Iran quietly prepares for U.S. talks as Trump threatens renewed strikes
Iran is denying new talks with Washington in public while privately preparing to attend, as Trump warns the ceasefire could end in renewed bombing.

Iran is publicly refusing to confirm a second round of talks with the United States even as it quietly makes plans to show up, a split that has exposed how fragile the diplomacy has become as Donald Trump threatens to resume bombing if the ceasefire fails. The mixed signals have turned the follow-on negotiations into a test of whether pressure can force a deal, or push both sides back toward escalation.
Pakistan has been working to keep the process alive and said it had received a positive signal from Tehran, with officials in Islamabad confident they could bring Iranian negotiators to the table. U.S. officials had been preparing for Vice President JD Vance to travel to Islamabad for the next round, underscoring how far the talks have advanced despite the public denials coming out of Tehran. Trump said he did not want to extend the ceasefire and warned that the United States could resume bombing if the talks failed.
The first round of high-level U.S.-Iran talks took place in Islamabad on April 11 and 12, and the stakes were immediately clear. Those sessions were described as the most significant direct engagement between the two countries in decades, but they left key issues unresolved. Iran’s deputy foreign minister said no date had been set for the next round and that a framework of understanding had to be agreed first, with sanctions and other commitments still on the table.
Iran’s public silence reflects the pressure of hard-line politics at home, where concessions to Washington remain deeply unpopular. Iranian state media said Tehran did not plan to participate in the new round of talks, citing the U.S. blockade of Iranian ports, even as other reporting said Iranian negotiators were privately planning to attend. That gap between public defiance and private preparation has become central to the diplomacy, which depends on both sides signaling strength while still leaving room for compromise.

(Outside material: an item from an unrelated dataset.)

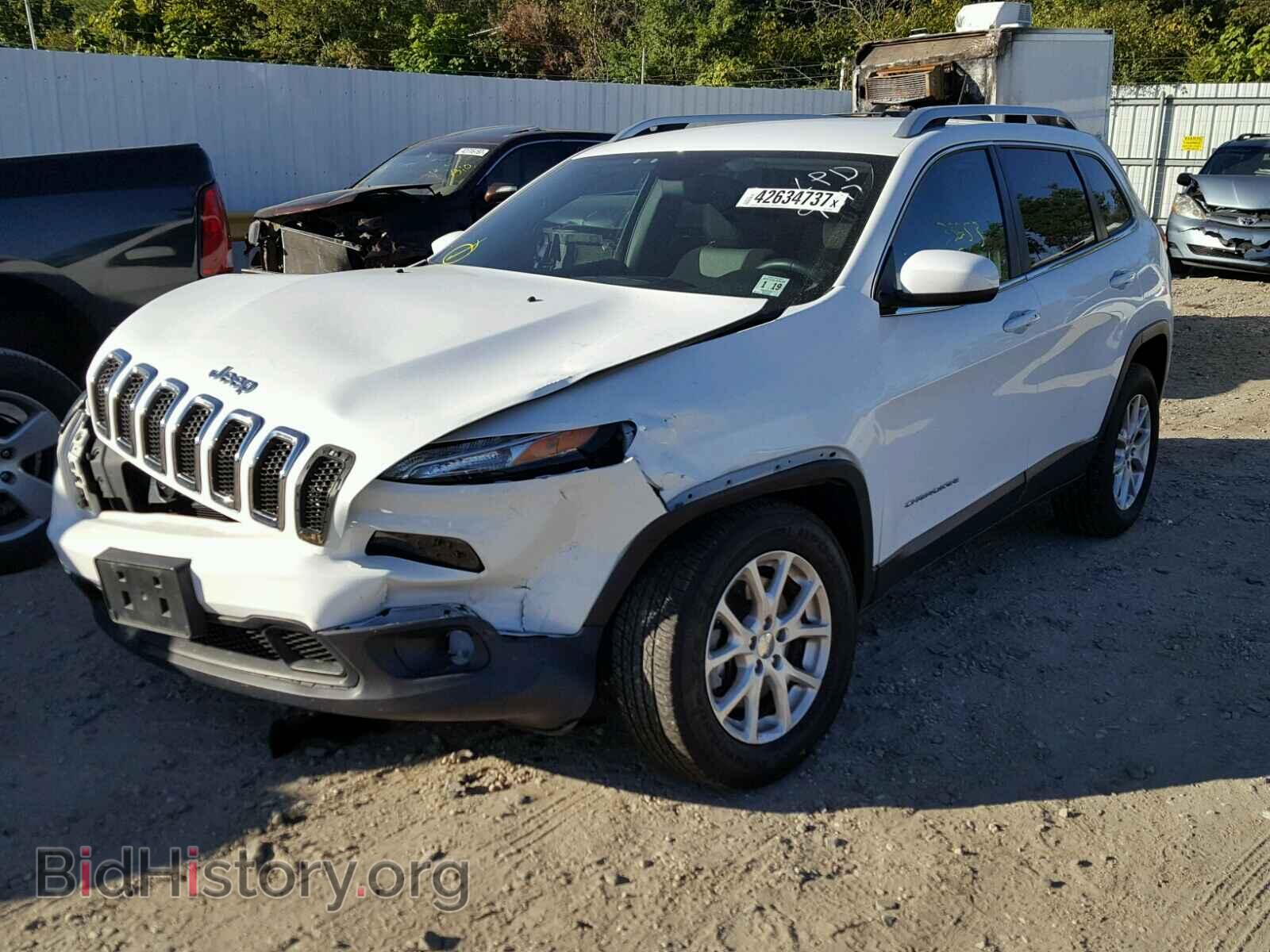 2014 JEEP CHEROKEE - VIN: 1C4PJMCS9EW124384 - Фото 2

The Strait of Hormuz has made the crisis even more combustible. Shipping disruptions and the seizure of an Iranian-flagged cargo ship have intensified tensions in a waterway critical to global oil flows, and the talks are already affecting markets and maritime traffic. For Trump, the choice is to strike harder or claim a deal quickly. For Tehran, the choice is whether to keep rejecting talks under threat or risk being seen at home as giving in. The result is a negotiation in which each side is trying to project resolve while quietly preparing for the opposite.